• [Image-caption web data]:
-- -- --

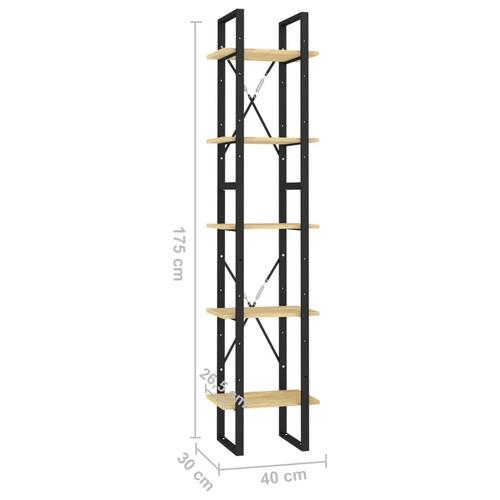 Bogreol 40x30x175 cm 5 hylder massivt fyrretræ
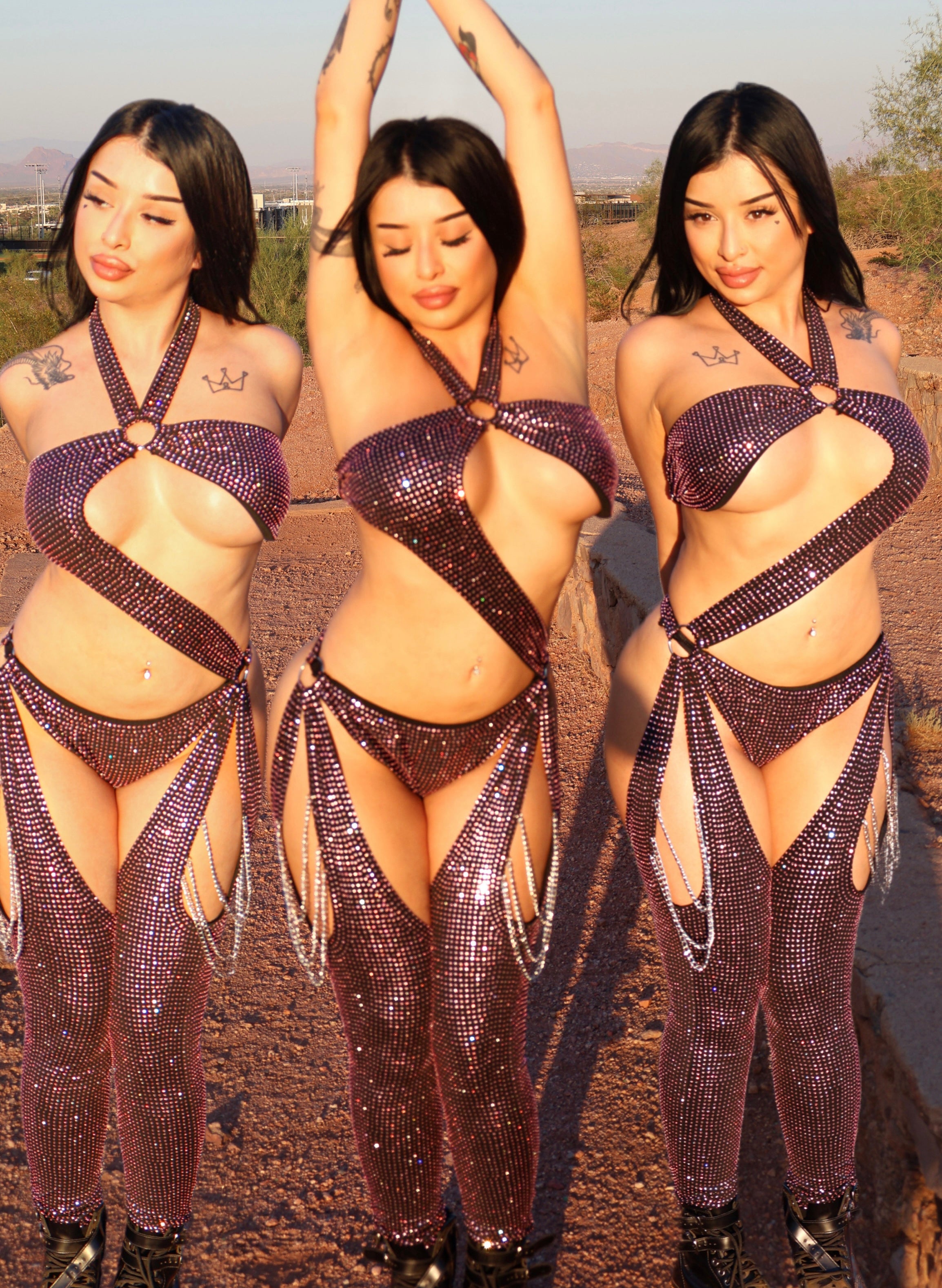 Eclipse iced out rhinestone chaps jumpsuit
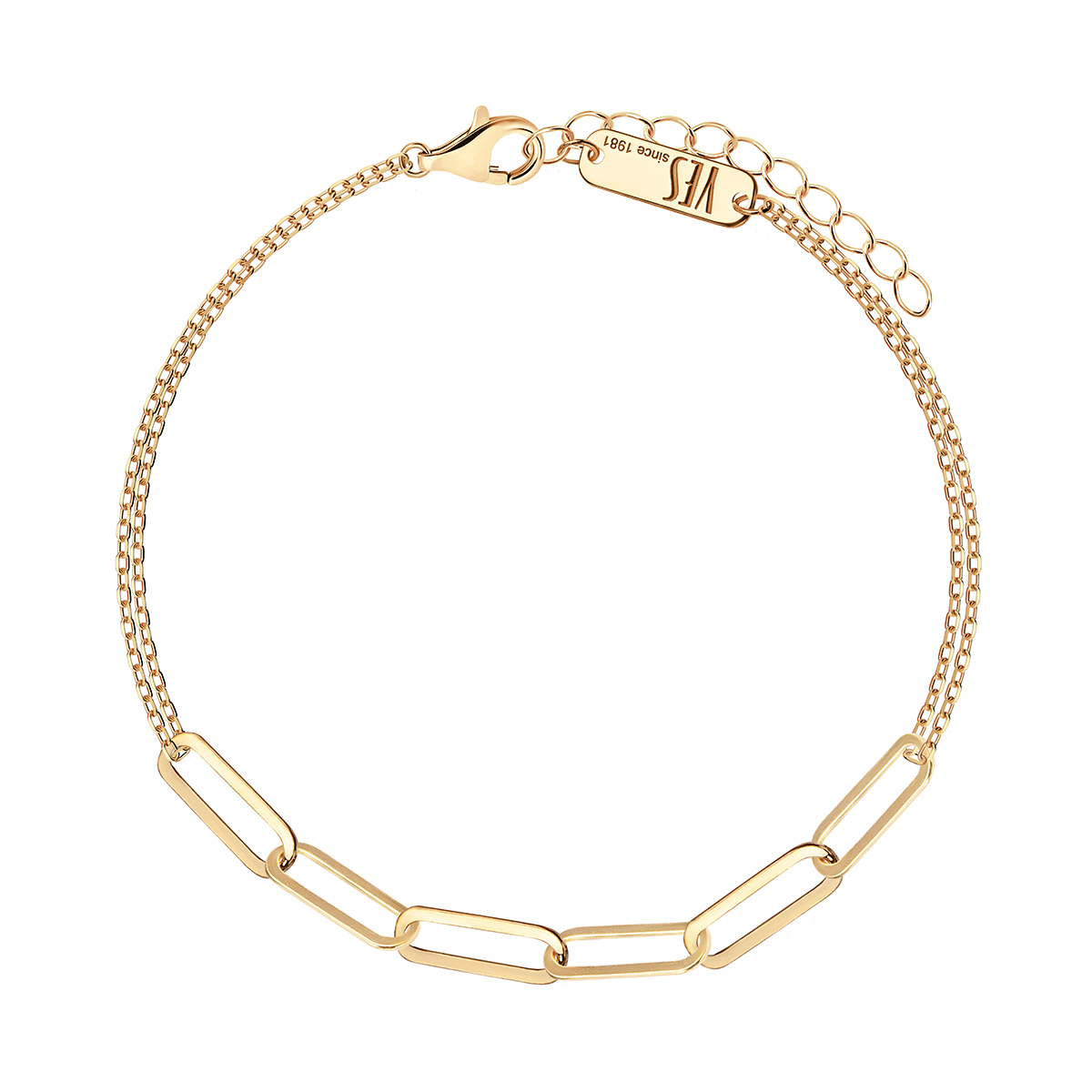 YES Bransoletka srebrna pozłacana - Chains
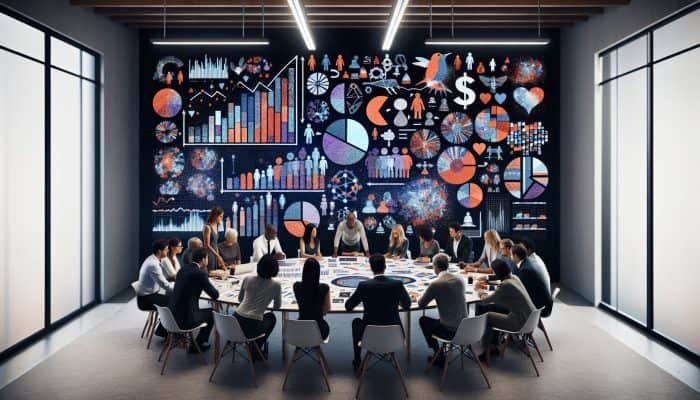 How to Structure a Custom Consolidation Plan: UK Edition | DCL A diverse group in a UK office examines debt consolidation options on charts and documents.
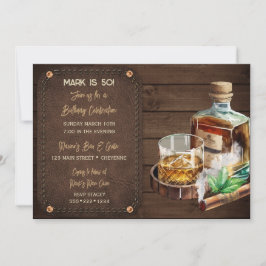 Maskulin Bourbon Whisky Cigarrer Trä Läder Inbjudningar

-- -- --

Every entry above is to be transcribed exactly, with all pictures left out.

 Bogreol 40x30x175 cm 5 hylder massivt fyrretræ
 Eclipse iced out rhinestone chaps jumpsuit
 YES Bransoletka srebrna pozłacana - Chains
 How to Structure a Custom Consolidation Plan: UK Edition | DCL A diverse group in a UK office examines debt consolidation options on charts and documents.
 Maskulin Bourbon Whisky Cigarrer Trä Läder Inbjudningar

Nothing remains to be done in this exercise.